■ Source records
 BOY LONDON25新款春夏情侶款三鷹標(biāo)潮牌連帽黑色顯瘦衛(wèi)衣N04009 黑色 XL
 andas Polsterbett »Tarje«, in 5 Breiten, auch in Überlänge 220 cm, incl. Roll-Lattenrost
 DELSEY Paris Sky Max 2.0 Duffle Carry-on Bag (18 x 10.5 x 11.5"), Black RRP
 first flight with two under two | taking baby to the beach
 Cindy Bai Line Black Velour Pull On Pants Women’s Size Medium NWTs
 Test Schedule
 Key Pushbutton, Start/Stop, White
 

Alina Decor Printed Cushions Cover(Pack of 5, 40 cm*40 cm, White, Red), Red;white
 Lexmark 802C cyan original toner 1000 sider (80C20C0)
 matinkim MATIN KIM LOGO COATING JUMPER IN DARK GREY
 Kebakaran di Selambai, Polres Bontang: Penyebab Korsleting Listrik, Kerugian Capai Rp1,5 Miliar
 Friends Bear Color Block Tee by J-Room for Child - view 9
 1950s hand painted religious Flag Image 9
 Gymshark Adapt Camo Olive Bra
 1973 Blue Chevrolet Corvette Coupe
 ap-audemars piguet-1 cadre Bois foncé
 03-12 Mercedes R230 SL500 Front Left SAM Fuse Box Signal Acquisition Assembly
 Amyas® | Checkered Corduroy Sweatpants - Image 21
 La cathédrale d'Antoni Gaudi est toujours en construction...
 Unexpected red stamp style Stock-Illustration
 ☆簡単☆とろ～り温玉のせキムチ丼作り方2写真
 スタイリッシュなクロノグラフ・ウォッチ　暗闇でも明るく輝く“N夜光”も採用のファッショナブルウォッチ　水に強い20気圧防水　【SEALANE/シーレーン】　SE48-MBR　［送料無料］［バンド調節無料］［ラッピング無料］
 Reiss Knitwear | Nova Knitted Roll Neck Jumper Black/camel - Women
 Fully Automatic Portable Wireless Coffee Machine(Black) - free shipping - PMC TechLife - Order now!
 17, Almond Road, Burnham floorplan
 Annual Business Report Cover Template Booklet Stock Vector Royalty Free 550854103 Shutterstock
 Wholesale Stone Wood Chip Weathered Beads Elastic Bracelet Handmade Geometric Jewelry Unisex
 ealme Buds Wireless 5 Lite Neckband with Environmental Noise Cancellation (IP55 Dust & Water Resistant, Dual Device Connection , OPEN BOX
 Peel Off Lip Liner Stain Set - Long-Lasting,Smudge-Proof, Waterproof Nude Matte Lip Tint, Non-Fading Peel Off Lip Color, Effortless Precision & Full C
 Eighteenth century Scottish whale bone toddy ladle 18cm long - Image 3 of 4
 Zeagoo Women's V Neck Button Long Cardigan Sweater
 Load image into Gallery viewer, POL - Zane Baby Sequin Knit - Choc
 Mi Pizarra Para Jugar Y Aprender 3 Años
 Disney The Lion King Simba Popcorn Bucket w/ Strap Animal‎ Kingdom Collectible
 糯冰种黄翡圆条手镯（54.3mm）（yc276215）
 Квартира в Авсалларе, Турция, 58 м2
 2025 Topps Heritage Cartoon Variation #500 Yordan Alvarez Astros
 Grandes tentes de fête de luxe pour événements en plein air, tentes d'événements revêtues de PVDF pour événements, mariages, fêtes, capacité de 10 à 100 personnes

■ Problem to work on
The records above must be reproduced word for word.

■ Task solution
 BOY LONDON25新款春夏情侶款三鷹標(biāo)潮牌連帽黑色顯瘦衛(wèi)衣N04009 黑色 XL
 andas Polsterbett »Tarje«, in 5 Breiten, auch in Überlänge 220 cm, incl. Roll-Lattenrost
 DELSEY Paris Sky Max 2.0 Duffle Carry-on Bag (18 x 10.5 x 11.5"), Black RRP
 first flight with two under two | taking baby to the beach
 Cindy Bai Line Black Velour Pull On Pants Women’s Size Medium NWTs
 Test Schedule
 Key Pushbutton, Start/Stop, White
 

Alina Decor Printed Cushions Cover(Pack of 5, 40 cm*40 cm, White, Red), Red;white
 Lexmark 802C cyan original toner 1000 sider (80C20C0)
 matinkim MATIN KIM LOGO COATING JUMPER IN DARK GREY
 Kebakaran di Selambai, Polres Bontang: Penyebab Korsleting Listrik, Kerugian Capai Rp1,5 Miliar
 Friends Bear Color Block Tee by J-Room for Child - view 9
 1950s hand painted religious Flag Image 9
 Gymshark Adapt Camo Olive Bra
 1973 Blue Chevrolet Corvette Coupe
 ap-audemars piguet-1 cadre Bois foncé
 03-12 Mercedes R230 SL500 Front Left SAM Fuse Box Signal Acquisition Assembly
 Amyas® | Checkered Corduroy Sweatpants - Image 21
 La cathédrale d'Antoni Gaudi est toujours en construction...
 Unexpected red stamp style Stock-Illustration
 ☆簡単☆とろ～り温玉のせキムチ丼作り方2写真
 スタイリッシュなクロノグラフ・ウォッチ　暗闇でも明るく輝く“N夜光”も採用のファッショナブルウォッチ　水に強い20気圧防水　【SEALANE/シーレーン】　SE48-MBR　［送料無料］［バンド調節無料］［ラッピング無料］
 Reiss Knitwear | Nova Knitted Roll Neck Jumper Black/camel - Women
 Fully Automatic Portable Wireless Coffee Machine(Black) - free shipping - PMC TechLife - Order now!
 17, Almond Road, Burnham floorplan
 Annual Business Report Cover Template Booklet Stock Vector Royalty Free 550854103 Shutterstock
 Wholesale Stone Wood Chip Weathered Beads Elastic Bracelet Handmade Geometric Jewelry Unisex
 ealme Buds Wireless 5 Lite Neckband with Environmental Noise Cancellation (IP55 Dust & Water Resistant, Dual Device Connection , OPEN BOX
 Peel Off Lip Liner Stain Set - Long-Lasting,Smudge-Proof, Waterproof Nude Matte Lip Tint, Non-Fading Peel Off Lip Color, Effortless Precision & Full C
 Eighteenth century Scottish whale bone toddy ladle 18cm long - Image 3 of 4
 Zeagoo Women's V Neck Button Long Cardigan Sweater
 Load image into Gallery viewer, POL - Zane Baby Sequin Knit - Choc
 Mi Pizarra Para Jugar Y Aprender 3 Años
 Disney The Lion King Simba Popcorn Bucket w/ Strap Animal‎ Kingdom Collectible
 糯冰种黄翡圆条手镯（54.3mm）（yc276215）
 Квартира в Авсалларе, Турция, 58 м2
 2025 Topps Heritage Cartoon Variation #500 Yordan Alvarez Astros
 Grandes tentes de fête de luxe pour événements en plein air, tentes d'événements revêtues de PVDF pour événements, mariages, fêtes, capacité de 10 à 100 personnes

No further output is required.